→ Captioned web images
________________

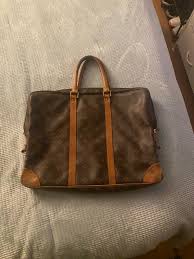 Vuitton Louis Vuitton | Mercari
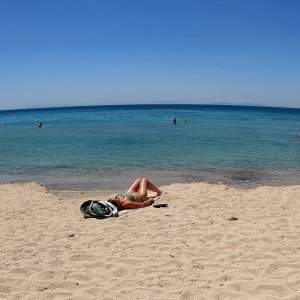 vlcsnap-2021-07-28-08h31m47s804-2.jpg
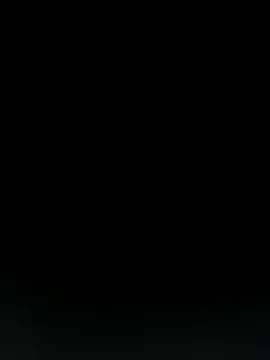 Antique-stickchart-couple online show from 10.07.25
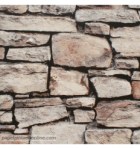 papel-de-parede-options-2-668900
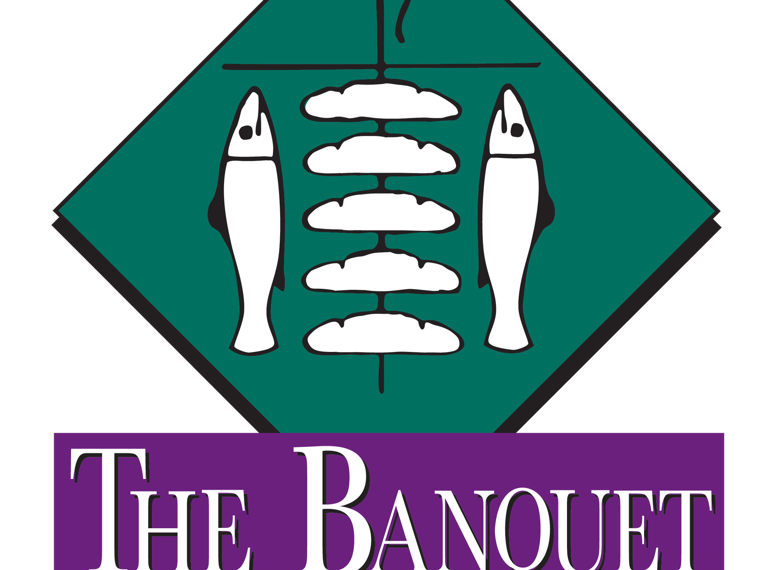 Fundraiser image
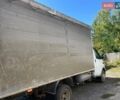 Белый ГАЗ 3302 ГАЗель, объемом двигателя 2.89 л и пробегом 110 тыс. км за 5500 $, фото 2 на Automoto.ua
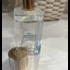 Духи Ex Nihilo Fleur Narcotique Купить Fleur Narcotique от Ex Nihilo
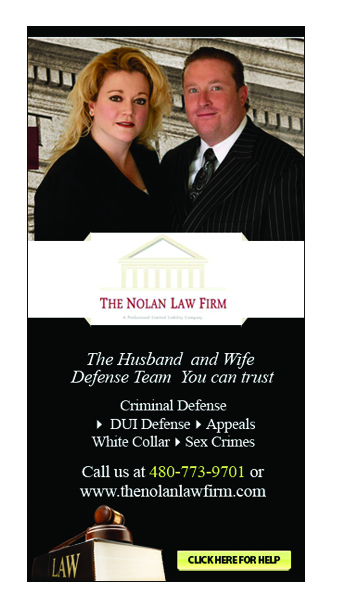 Banner Ad Design by MasterMind for this project | Design #2832186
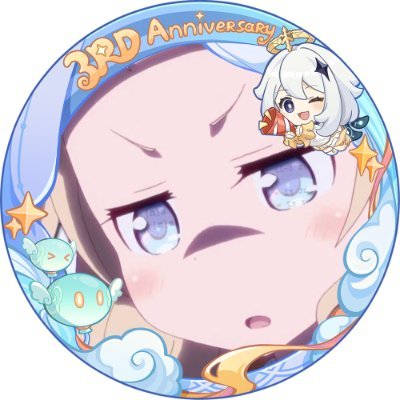 TinL96039665's profile picture. 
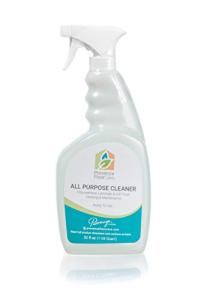 Provenza All-Purpose Cleaner - 32 oz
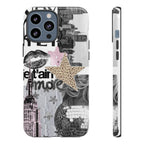 Amore NYC Phone Case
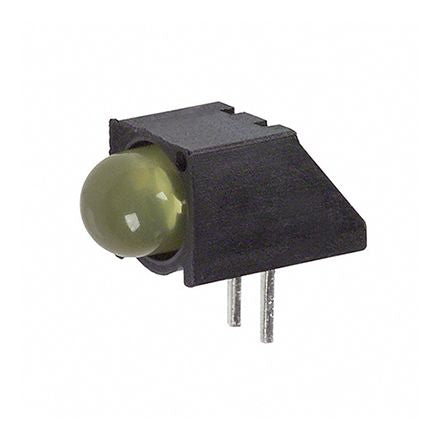 Dialight 550-0307F 8906937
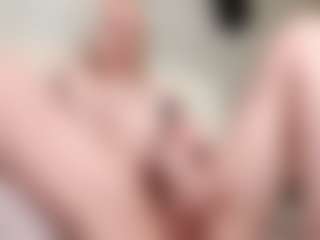 LupeRuthenberg's Live Sex Cam Show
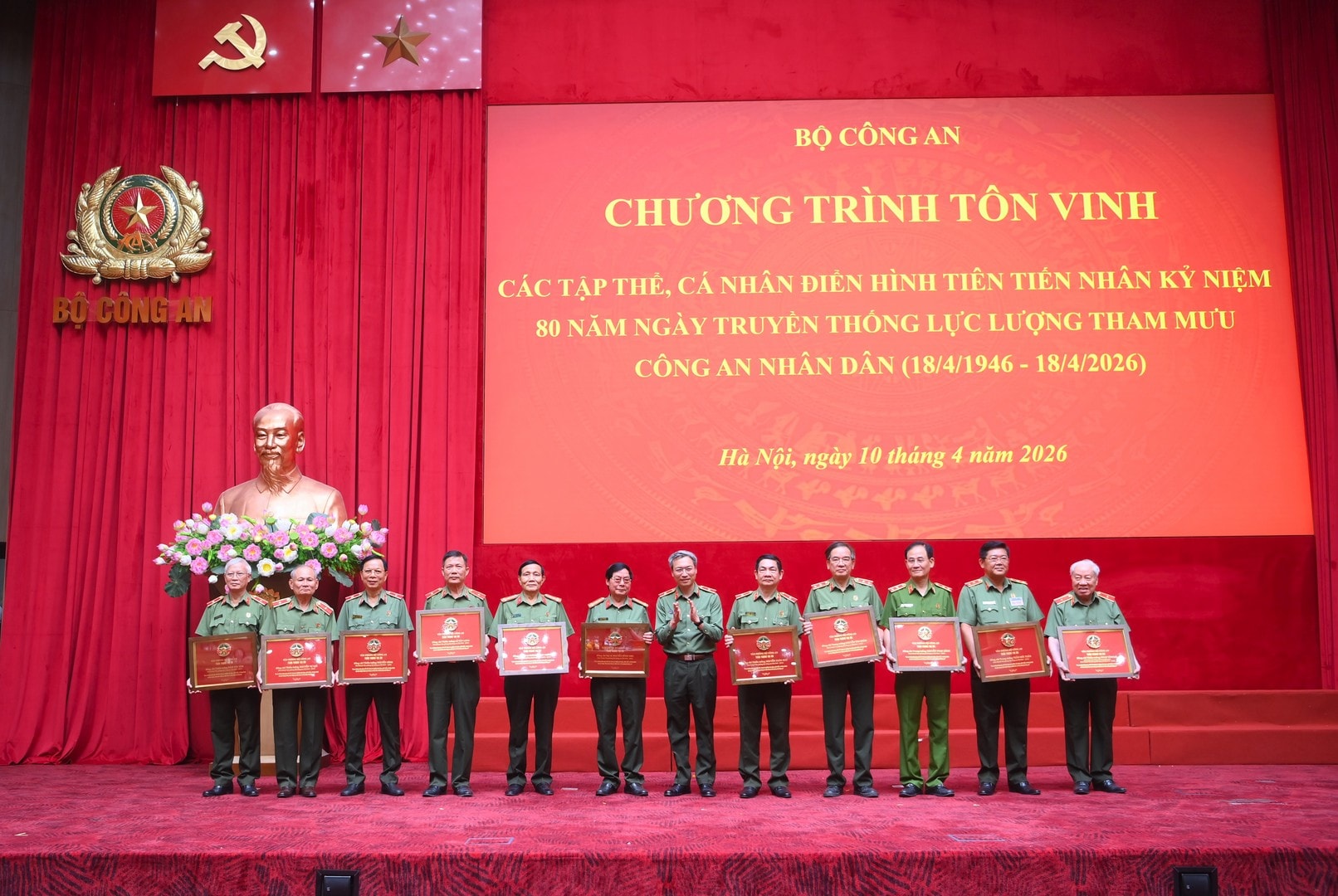 bocongan.gov.vn-media-bca-media-_library-20260410180848-bbae658c-078b-4b9f-b13e-15a141b695f6-atx-3400.jpg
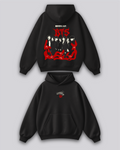 Hoodie   BTS ARIRANG 1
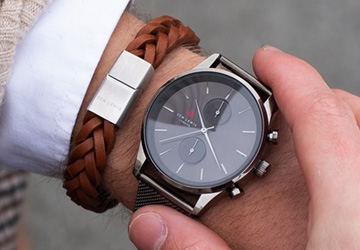 foto-2_20190617100233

________________

→ Exercise prompt
Write out, word for word, the lines running from the one containing "Dialight 550-0307F 8906937" to the end of the data above; the pictures are to be left out.

→ Written response
 Dialight 550-0307F 8906937
 LupeRuthenberg's Live Sex Cam Show
 bocongan.gov.vn-media-bca-media-_library-20260410180848-bbae658c-078b-4b9f-b13e-15a141b695f6-atx-3400.jpg
 Hoodie   BTS ARIRANG 1
 foto-2_20190617100233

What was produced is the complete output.